Jeder, der sich eine Webseite anschaffen möchte, ob für Selbstpräsentierungs-Zwecke, oder auch für kommerzielle Zwecke, kommt um ein Hosting kaum herum. Besonders wenn man ein Unternehmen betreibt, ist Internetpräsenz heutzutage nicht mehr wegzudenken. Webhosting-Anbieter bieten einige Möglichkeiten, um Einzelpersonen oder Unternehmen den Einstieg in die Internet-Welt zu ermöglichen und zu erleichtern.

Die Welt des Hostings

Die Domain-Besitzer können zwischen mehreren Möglichkeiten wählen, sich eine Web-Umgebung für Ihre Webanwendung zu mieten, wobei der Zweck der Webpräsenz eine große Rolle spielt. Je mehr „Raum“ und Service sich die Nutzer wünschen, desto kostenaufwendiger wird die Hosting-Angelegenheit.

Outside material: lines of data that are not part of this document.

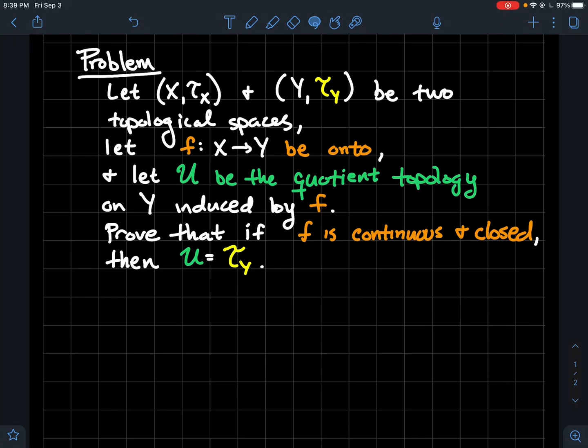In this video we're going to look at a problem that deals with the quotient topology. Here's the setup: you've got two topological spaces, X and Y. The topology on X I'm going to denote TX, and the topology on Y is TY. I've got a function F from X to Y, where the domain is X and the co-domain is Y. Let's say it's onto, so the range is Y. And let fancy U be the quotient topology on Y that's induced by F.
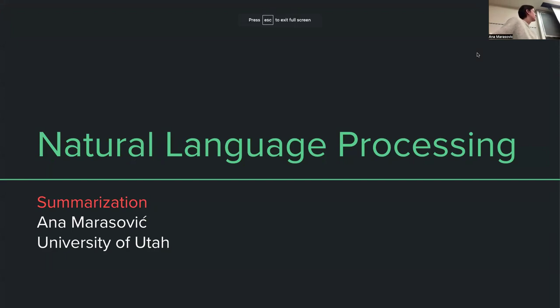Hello everyone. I don't have any special announcements, so I want to just quickly ask: do you have any questions about anything?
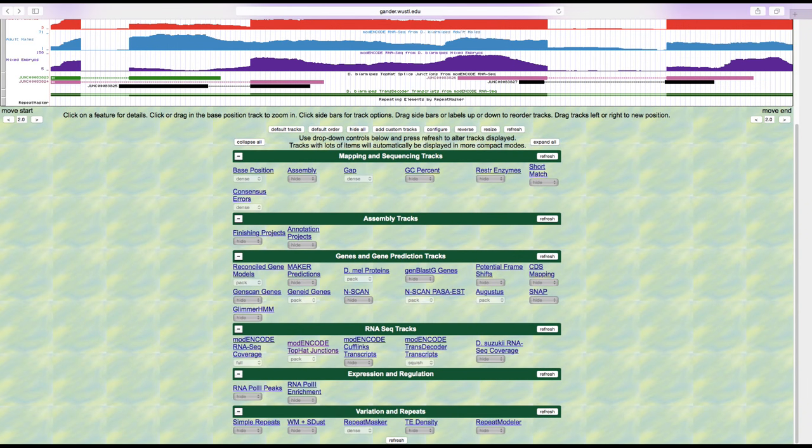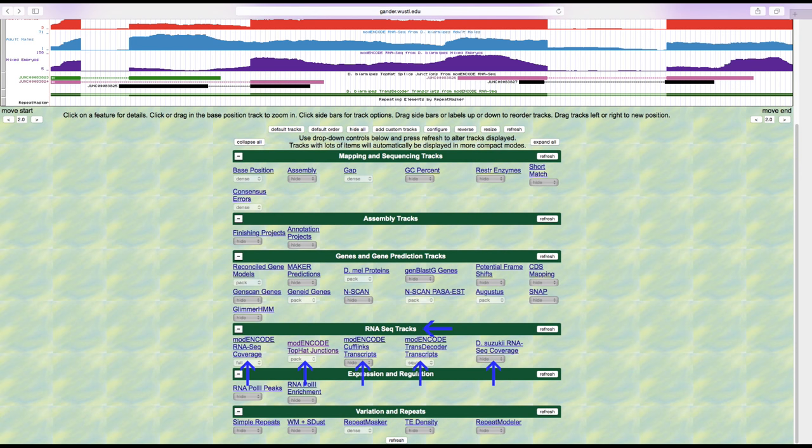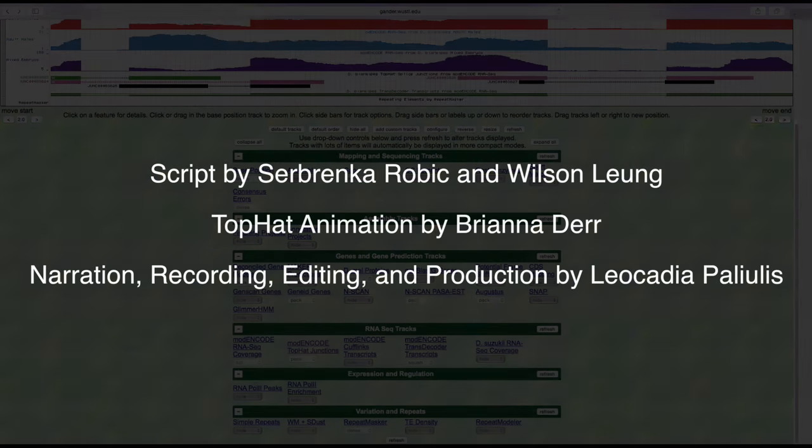Several other evidence tracks are available under the RNA-seq track section. You may click on the track title link above the display mode drop-down list to learn more about how that evidence track was created and the display convention used by that particular track.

Wenn man aber klug wählt, lohnt sich das Hostingangebot immer.
Für die Einsteiger unter den Webseiten-Besitzern gibt es für den Anfang das Allernötigste, um ihre Webseite zum Rollen zu bringen. Ein einfaches Webhosting-Packet ist oft ausreichend für Anfänger oder für einfache Webseiten und schon zu einem sehr kleinen Preis monatlich zu bekommen. Diese kostengünstigen Miet-Angebote reichen selbst für besucherstarke Websites. Wünscht man sich allerdings mehr von der Webseite, als pure Präsens, braucht man Freiraum und Flexibilität, die man Dank der Mietangebote von Servern beim Hosting-Anbieter erreichen kann.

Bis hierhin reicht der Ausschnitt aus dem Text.